Abstract

The Federal Reserve (Fed) is tasked with maintaining price stability and achieving maximum employment. In practice, over the last decades the Fed has sought to achieve its objectives primarily through the manipulation of a short-term inter-bank interest rate, the federal funds rate (FFR). At the height of the Great Recession of 2007-2009, the Fed pushed its benchmark policy rate to zero. With its principal tool unavailable, the Fed resorted to a sequence of unconventional policy actions in attempt to provide further stimulus to the economy. These actions included large-scale asset purchases (more commonly referred to as quantitative easing, or QE) and forward guidance. These programs were viewed by most as solutions to the temporary problem of the zero lower bound (ZLB) on the short-term policy rate. Market participants never expected the ZLB to last more than a couple of years (Bauer and Rudebusch 2016; Wu and Xia 2016), but in actuality the FFR was at zero for seven years. And though the Fed began raising the FFR at the end of 2015, it has since cut it twice, and at present the FFR sits less than two hundred basis points above zero. Markets are expecting further rate cuts in the near future. A substantial body of research finds that the so-called natural rate of interest, or sometimes “r-star,” is on a continuing secular downward trend.

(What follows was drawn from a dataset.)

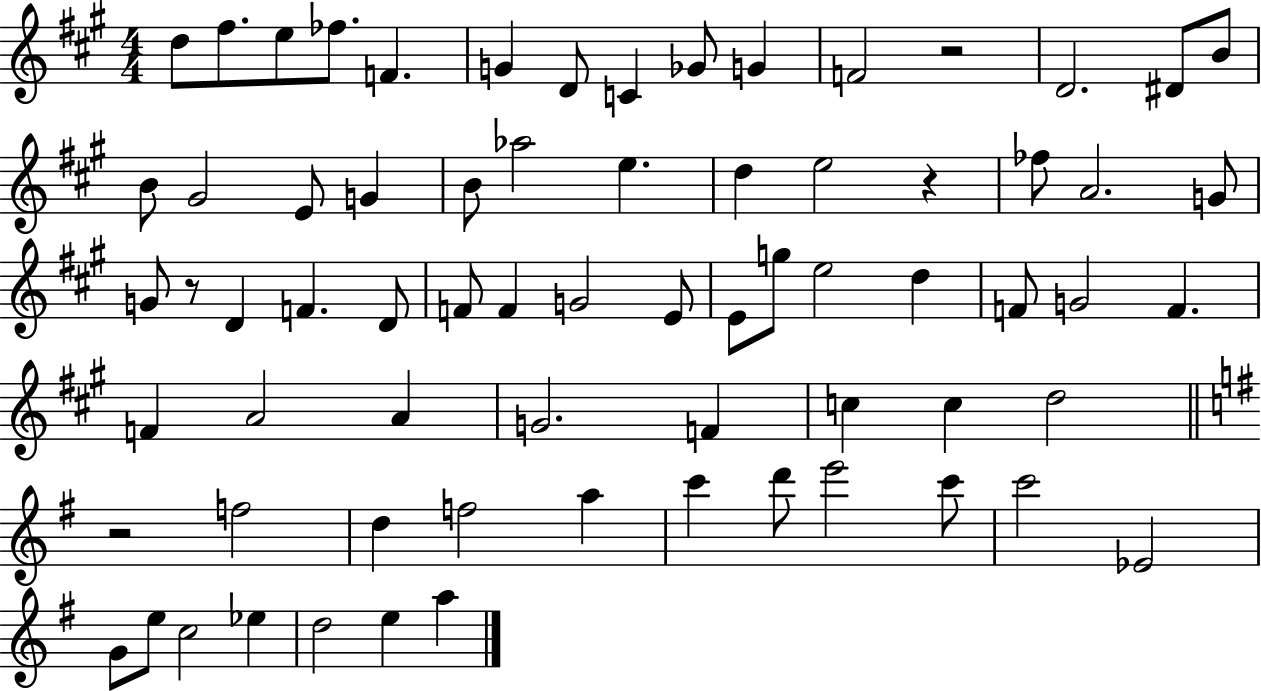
D5/e F#5/e. E5/e FES5/e. F4/q. G4/q D4/e C4/q Gb4/e G4/q F4/h R/h D4/h. D#4/e B4/e B4/e G#4/h E4/e G4/q B4/e Ab5/h E5/q. D5/q E5/h R/q FES5/e A4/h. G4/e G4/e R/e D4/q F4/q. D4/e F4/e F4/q G4/h E4/e E4/e G5/e E5/h D5/q F4/e G4/h F4/q. F4/q A4/h A4/q G4/h. F4/q C5/q C5/q D5/h R/h F5/h D5/q F5/h A5/q C6/q D6/e E6/h C6/e C6/h Eb4/h G4/e E5/e C5/h Eb5/q D5/h E5/q A5/q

While the Laubach and Williams (2003) estimate of r-star declined substantially in the wake of the Great Recession, this decline is part of a longer-run downward trend. In standard models, optimal policy entails adjusting the policy rate to track movements in the natural rate. With the natural rate hovering so close to zero, there is little room for conventional policy rate cuts should the need arise. All signs therefore point towards an extended period in which interest rates are significantly lower than their average levels from the 1980s to 2000s. This means that the problem of the ZLB and the inability to push the FFR down in response to deteriorating economic conditions is likely to arise again. As a consequence, the Fed must move away from its conventional operating framework – for example, by significantly raising its inflation target, experimenting with negative rates, or more regularly using unconventional tools like QE as a substitute for conventional rate cuts at the ZLB. Which of these options should the Fed and other central banks choose?